Nas primeiras 24 horas depois do anúncio do
deputado de que tinha saído do Brasil, um mapeamento da consultoria Bites
localizou 171 artigos em inglês, dos quais 118 em veículos americanos, contando
a história do filho do ex-presidente da República que pretende buscar asilo
político nos Estados Unidos. Não há dúvida de que Eduardo passará os quatro
meses de licença da Câmara gerando fatos e factoides para as redes sociais e a
mídia tradicional.
Nada impede que, ao final do período, volte
ao Brasil dizendo ter cumprido sua missão de alertar o mundo sobre a
“perseguição da ditadura”. O mais provável, aliás, é que esse seja o desfecho
da novela.
Só não dá para dizer que, com isso, ele deixa
o campo aberto a Tarcísio
de Freitas (Republicanos) na eleição presidencial de 2026. A
estratégia parece ser exatamente a oposta: dar ao Zero Três um tamanho que ele
ainda não tem e fortalecer sua imagem como herdeiro legítimo do legado
bolsonarista. É cedo para saber se funcionará. Primeiro, porque muita coisa
pode sair fora do script. Depois, porque o roteiro seguido por Tarcísio em
Copacabana, com um discurso cheio de afagos e juras de lealdade a Bolsonaro,
sugere que ele está, sim, na disputa por 2026.
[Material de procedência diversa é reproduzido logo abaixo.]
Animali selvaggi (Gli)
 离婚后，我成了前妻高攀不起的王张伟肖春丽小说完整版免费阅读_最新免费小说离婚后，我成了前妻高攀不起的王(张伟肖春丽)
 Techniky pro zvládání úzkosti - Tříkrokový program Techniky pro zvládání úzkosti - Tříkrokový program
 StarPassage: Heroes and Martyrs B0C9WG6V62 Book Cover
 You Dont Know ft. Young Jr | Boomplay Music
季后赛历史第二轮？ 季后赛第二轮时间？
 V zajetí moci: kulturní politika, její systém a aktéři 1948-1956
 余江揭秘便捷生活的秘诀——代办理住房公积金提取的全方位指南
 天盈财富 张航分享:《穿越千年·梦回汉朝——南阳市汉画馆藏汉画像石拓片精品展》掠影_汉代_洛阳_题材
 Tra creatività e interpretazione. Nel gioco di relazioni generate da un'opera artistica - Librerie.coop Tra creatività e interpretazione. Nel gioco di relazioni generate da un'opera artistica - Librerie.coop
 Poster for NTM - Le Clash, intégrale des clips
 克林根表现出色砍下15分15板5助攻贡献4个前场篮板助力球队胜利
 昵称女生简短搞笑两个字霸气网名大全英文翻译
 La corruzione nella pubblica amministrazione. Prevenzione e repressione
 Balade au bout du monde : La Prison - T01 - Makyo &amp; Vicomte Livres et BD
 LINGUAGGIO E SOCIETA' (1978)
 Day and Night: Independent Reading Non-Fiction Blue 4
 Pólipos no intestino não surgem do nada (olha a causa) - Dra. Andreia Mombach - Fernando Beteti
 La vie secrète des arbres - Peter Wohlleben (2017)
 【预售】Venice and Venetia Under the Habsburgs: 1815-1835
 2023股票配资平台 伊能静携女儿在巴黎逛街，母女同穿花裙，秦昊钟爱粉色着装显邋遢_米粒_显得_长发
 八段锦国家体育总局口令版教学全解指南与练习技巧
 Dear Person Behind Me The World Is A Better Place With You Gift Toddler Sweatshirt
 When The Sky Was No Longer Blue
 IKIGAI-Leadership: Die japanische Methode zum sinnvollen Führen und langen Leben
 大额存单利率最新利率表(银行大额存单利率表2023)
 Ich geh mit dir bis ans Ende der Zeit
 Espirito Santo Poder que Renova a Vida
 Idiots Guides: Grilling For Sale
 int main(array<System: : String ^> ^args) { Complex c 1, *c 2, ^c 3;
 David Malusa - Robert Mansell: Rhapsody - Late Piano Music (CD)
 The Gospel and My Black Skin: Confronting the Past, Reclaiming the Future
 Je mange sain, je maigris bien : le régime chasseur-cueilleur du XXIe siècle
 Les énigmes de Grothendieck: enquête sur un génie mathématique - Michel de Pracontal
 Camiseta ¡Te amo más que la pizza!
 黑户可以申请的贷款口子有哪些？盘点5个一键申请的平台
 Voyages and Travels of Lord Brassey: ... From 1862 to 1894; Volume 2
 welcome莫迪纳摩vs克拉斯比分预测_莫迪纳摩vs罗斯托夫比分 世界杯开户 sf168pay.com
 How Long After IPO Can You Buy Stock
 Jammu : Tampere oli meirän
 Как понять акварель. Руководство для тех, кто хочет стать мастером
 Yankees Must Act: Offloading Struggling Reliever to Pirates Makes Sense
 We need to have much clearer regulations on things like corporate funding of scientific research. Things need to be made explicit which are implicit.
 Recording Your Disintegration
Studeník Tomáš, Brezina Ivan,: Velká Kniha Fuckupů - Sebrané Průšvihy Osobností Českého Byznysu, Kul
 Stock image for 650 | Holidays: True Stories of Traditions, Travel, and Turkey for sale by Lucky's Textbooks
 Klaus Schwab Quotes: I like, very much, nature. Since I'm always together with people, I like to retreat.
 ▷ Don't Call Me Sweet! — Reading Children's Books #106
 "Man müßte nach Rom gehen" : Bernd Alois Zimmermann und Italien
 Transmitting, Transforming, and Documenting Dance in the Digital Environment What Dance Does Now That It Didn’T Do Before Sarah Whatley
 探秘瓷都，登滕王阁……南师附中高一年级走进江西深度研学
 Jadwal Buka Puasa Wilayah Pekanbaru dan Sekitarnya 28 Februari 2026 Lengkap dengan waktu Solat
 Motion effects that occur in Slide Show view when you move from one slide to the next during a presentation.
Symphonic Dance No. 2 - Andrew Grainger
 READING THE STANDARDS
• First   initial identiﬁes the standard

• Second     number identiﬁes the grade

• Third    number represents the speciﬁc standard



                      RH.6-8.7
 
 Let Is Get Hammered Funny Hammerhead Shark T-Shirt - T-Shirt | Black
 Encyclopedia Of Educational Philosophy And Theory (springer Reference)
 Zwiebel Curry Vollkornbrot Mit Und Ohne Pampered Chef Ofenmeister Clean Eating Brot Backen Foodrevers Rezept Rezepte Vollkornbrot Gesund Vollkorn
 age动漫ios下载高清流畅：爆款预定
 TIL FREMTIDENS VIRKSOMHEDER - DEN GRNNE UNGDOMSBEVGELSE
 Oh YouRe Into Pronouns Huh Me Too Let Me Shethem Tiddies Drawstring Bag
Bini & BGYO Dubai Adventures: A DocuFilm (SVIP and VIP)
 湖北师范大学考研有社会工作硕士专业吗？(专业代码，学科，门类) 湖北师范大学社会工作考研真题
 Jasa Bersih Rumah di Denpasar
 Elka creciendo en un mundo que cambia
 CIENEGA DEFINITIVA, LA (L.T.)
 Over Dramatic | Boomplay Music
Para o governador se tornar viável como
anti-Lula, é essencial se manter leal a Bolsonaro, especialmente nos momentos
mais críticos — como um protesto esvaziado ou uma condenação. Ele já tem a
preferência da Faria Lima, do empresariado, das elites. Também tem uma gestão
bem avaliada em São
Paulo. E sabe que, em algum momento, o ex-presidente terá de largar o osso
e admitir que não será candidato. Não há por que se dar ao luxo de vacilar
antes de poder decidir se fica em São Paulo ou tenta o Palácio do Planalto.
A guerra de posições começa a ficar evidente
até dentro da direita. Não à toa, Eduardo e o ex-ministro do Meio
Ambiente Ricardo
Salles (Novo-SP)
dedicaram um bom tempo de uma live ontem para sustentar que, ao contrário da
esquerda, frequentemente consumida por disputas fratricidas, na direita o
pessoal discute, mas continua sempre unido.
“A esquerda tem chantagem, tem jogo de poder,
tem marreta na cabeça dos outros. Todo mundo come na mão do líder. E o líder
não confia em ninguém”, disse Eduardo. “Não existe lealdade ou propósito de
convicções no núcleo duro da esquerda. Existe jogo de poder, 100%. E quem chega
a ser líder jogou um jogo pesado de poder. Nós, da direita, não.”
Pode até convencer alguém. Mas quem conhece o
riscado sabe que negar qualquer divergência faz parte do ritual das grandes
batalhas da política — até que chegue a hora de partir para o ataque.